Het gaat nooit vervelen om mijn ambacht uit te oefenen, ook al heb ik meer dan vierhonderd keer in Carré opgetreden. Als ik 's avonds een voorstelling heb, begin ik om vier uur met de voorbereidingen. Ik kijk dan eerst op het toneel naar allerlei details: gaat het doek niet te langzaam open? Staat de airco goed? De kracht van de voorstelling zit in de beleving van het moment. Voor een chirurg of een autocoureur is het levensgevaarlijk om op routine te werken. Dat geldt voor theater ook. Er spelen zoveel aspecten mee: een kuch of de woede van iemand in de zaal; het enthousiasme van het publiek; de akoestiek van de zaal; de maatschappelijke werkelijkheid. Geloof me, de voorstelling op dinsdag is heel anders dan op vrijdag.
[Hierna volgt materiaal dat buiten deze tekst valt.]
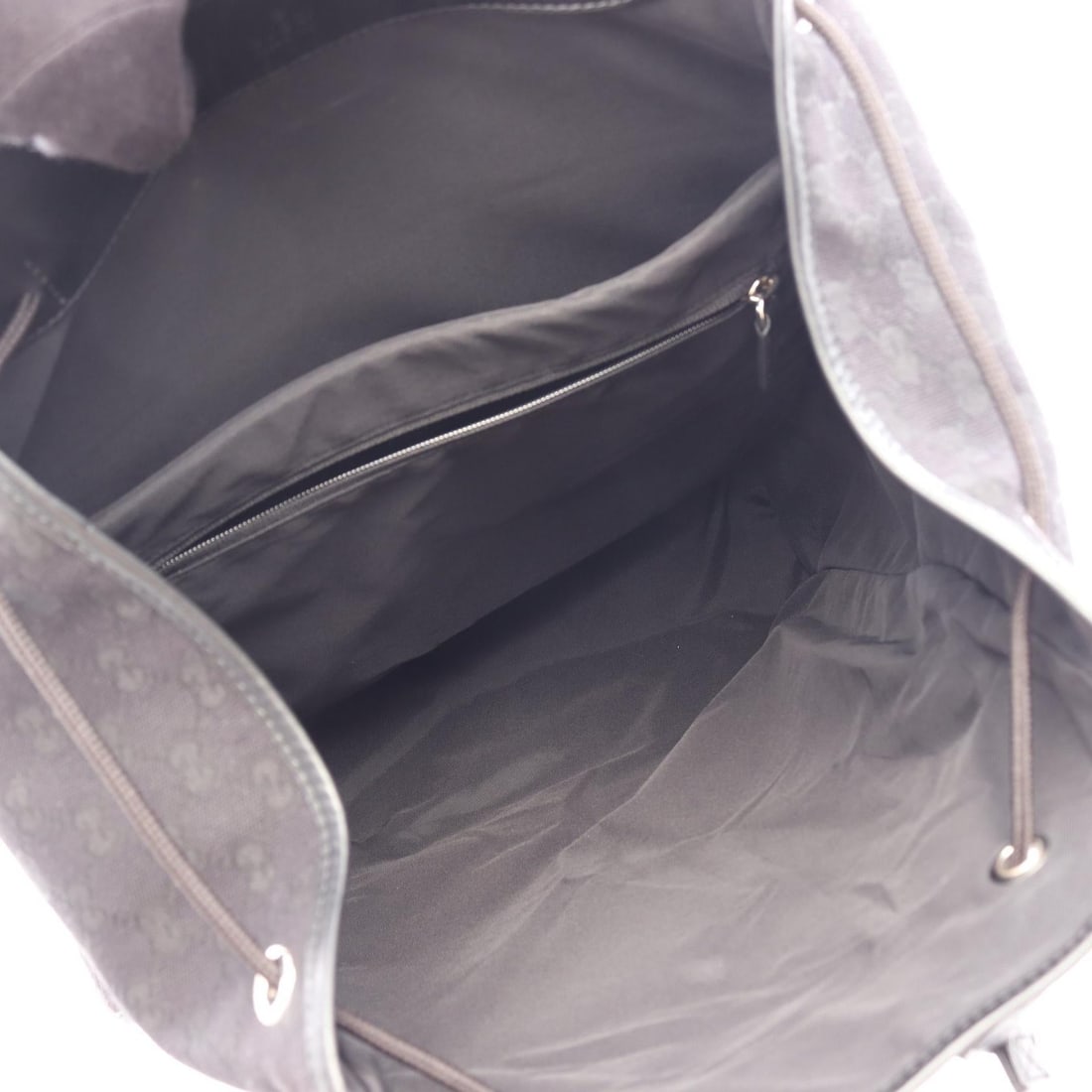 Gucci Large GG Canvas Backpack - 3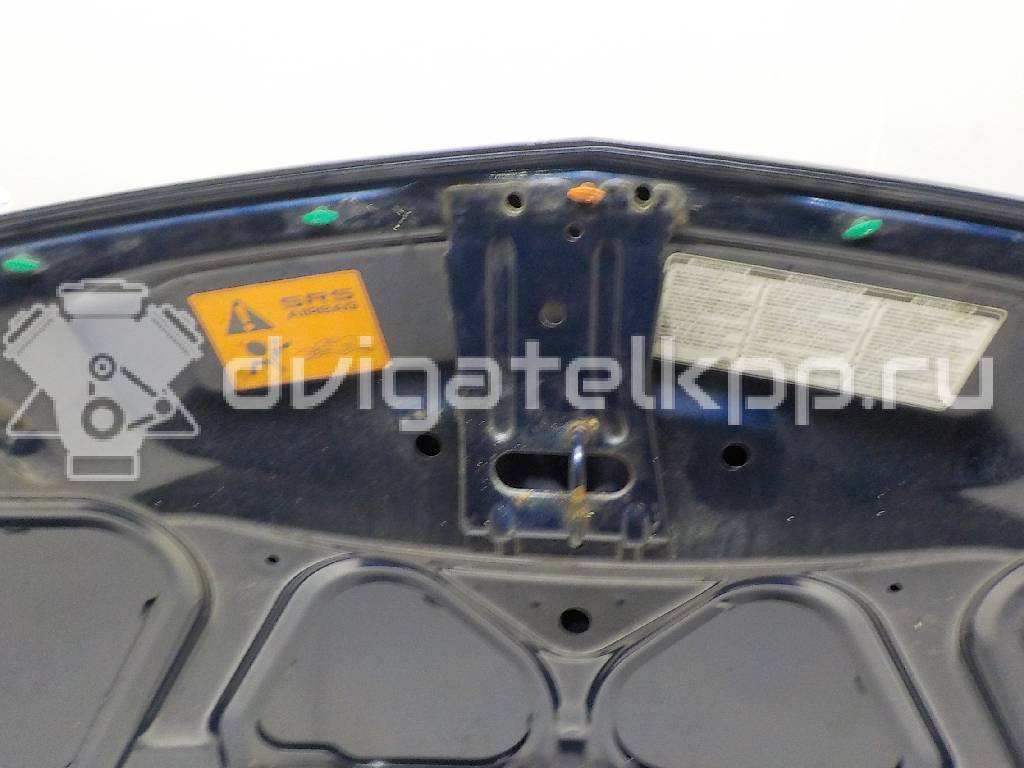 Фото Капот  60100SAAG00ZZ для Honda Jazz {forloop.counter}}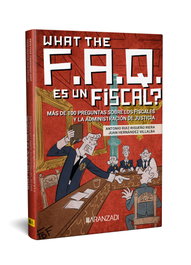 What the FAQ es un fiscal?, Antonio Ruiz-Risueño - ARANZADI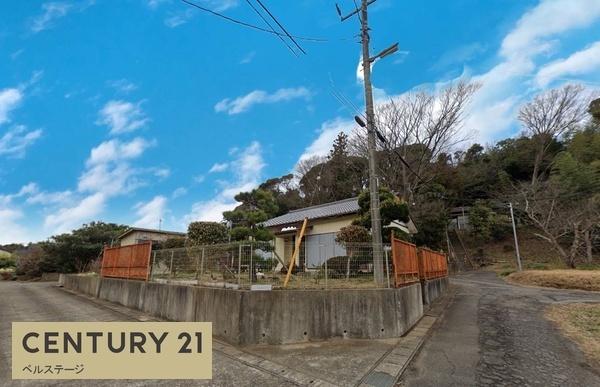 富津市大森の中古一戸建て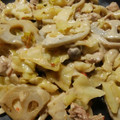 Ｍぱん's cooksnap of when they made 豚肉と野菜のスイートチリマヨ炒め.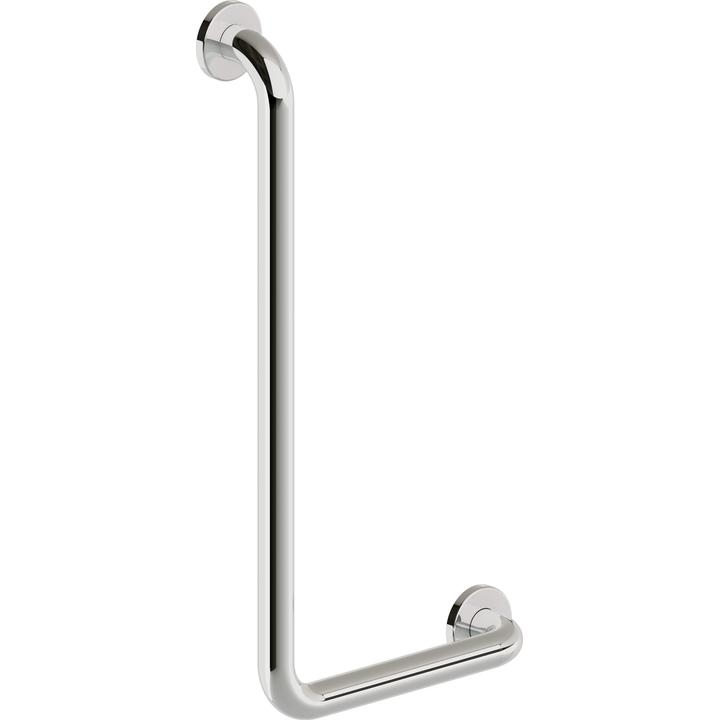 LEHNEN CONCEPT PRO UCHWYT STALOWY PRZYŚCIENNY KĄTOWY 300X610, LEWY - VAT 8%  NIL_0L1D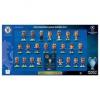 Set figurine soccerstarz chelsea champions league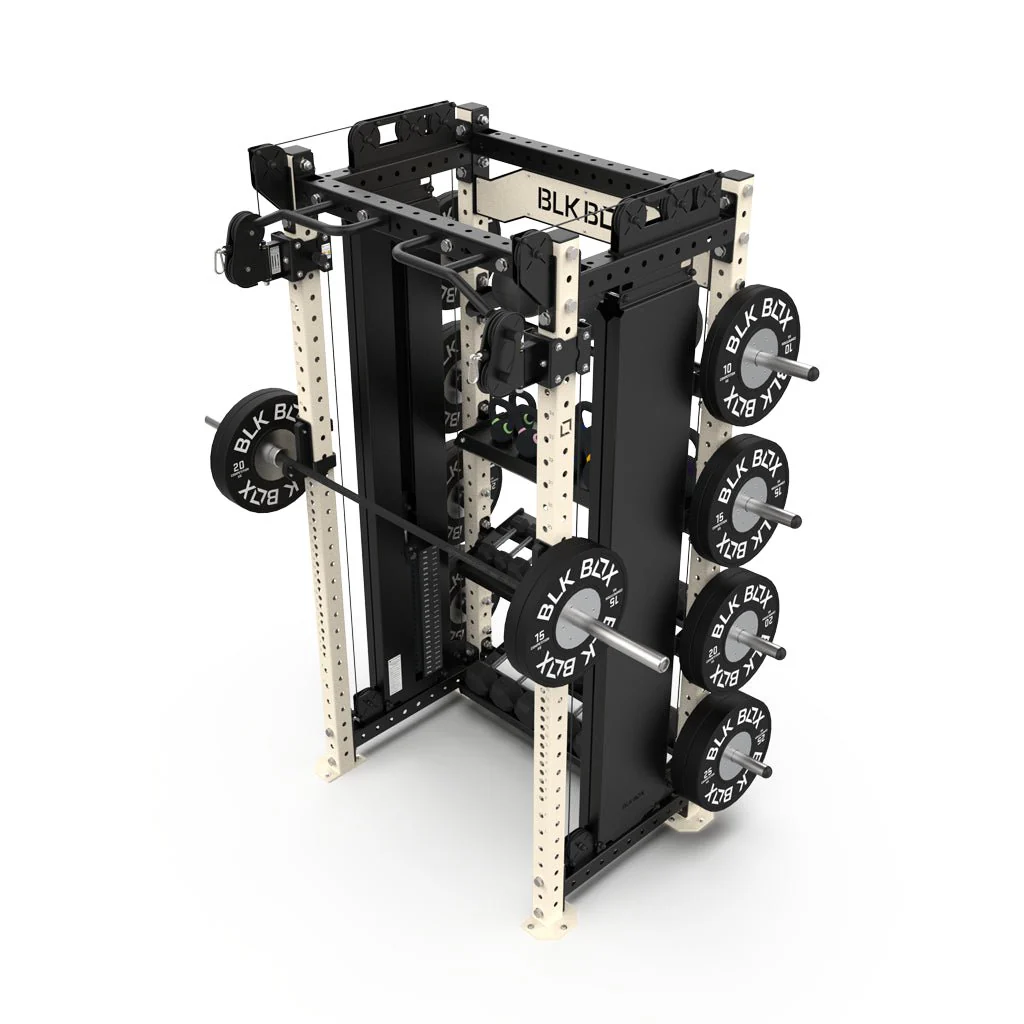 5 Series Nexus Compact Rack with Storage - Image 2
Velen kennen alleen de bekende liedjes


Veel mensen kennen mij alleen van bekende liedjes als 'Opzij', 'Anne' en 'Hilversum drie'. Die liedjes zijn natuurlijk heel toegankelijk, maar het zijn zeker niet mijn beste liedjes. Er zijn mensen die na een voorstelling hoogst verbaasd zijn omdat ze dachten dat ik alleen maar liedjes zong. Maar ik heb al die liedjes gemaakt voor een vertelling in een theatervoorstelling. Als je alleen het liedje hoort, valt de vertelling weg. Die liedjes vertegenwoordigen de lichtste kant van mijn werk. Het interessante van theater is juist dat ik ons publiek een authentieke wereld kan tonen.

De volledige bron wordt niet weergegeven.